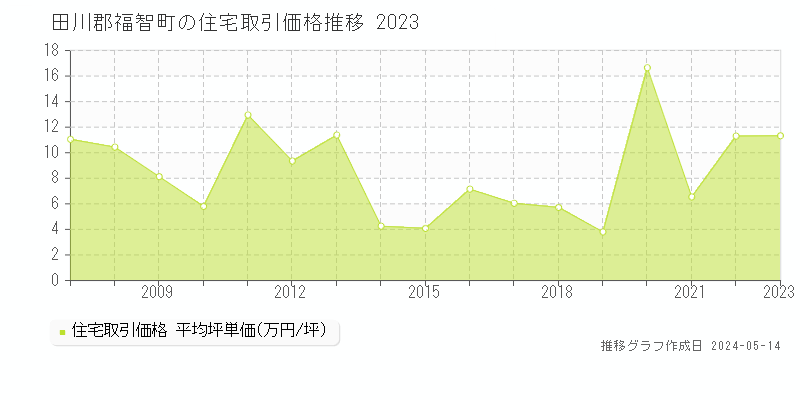 田川郡福智町の住宅価格推移グラフ 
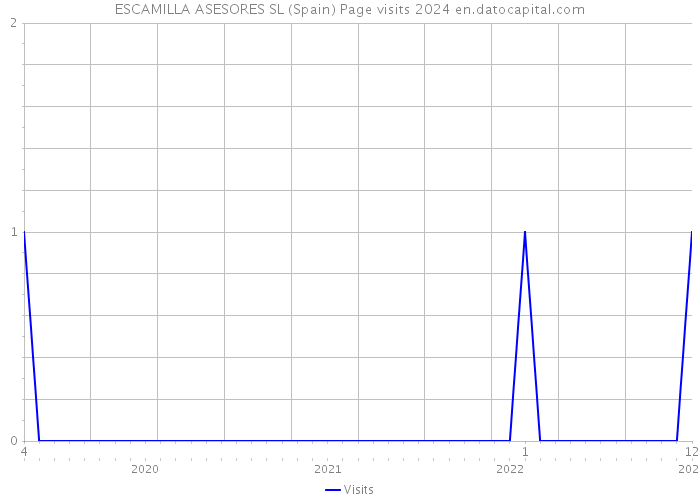 ESCAMILLA ASESORES SL (Spain) Page visits 2024 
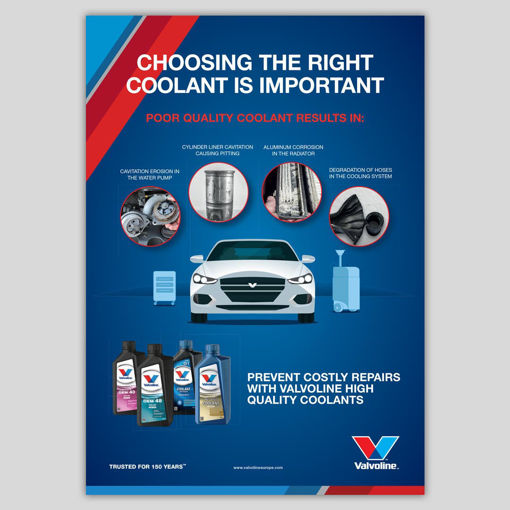 Picture of Coolant Info PosterA1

Task details: Every line of the material must be returned exactly; leave the images out.

Reply to the exercise:
 田川郡福智町の住宅価格推移グラフ 
 ESCAMILLA ASESORES SL (Spain) Page visits 2024 
 Picture of Coolant Info PosterA1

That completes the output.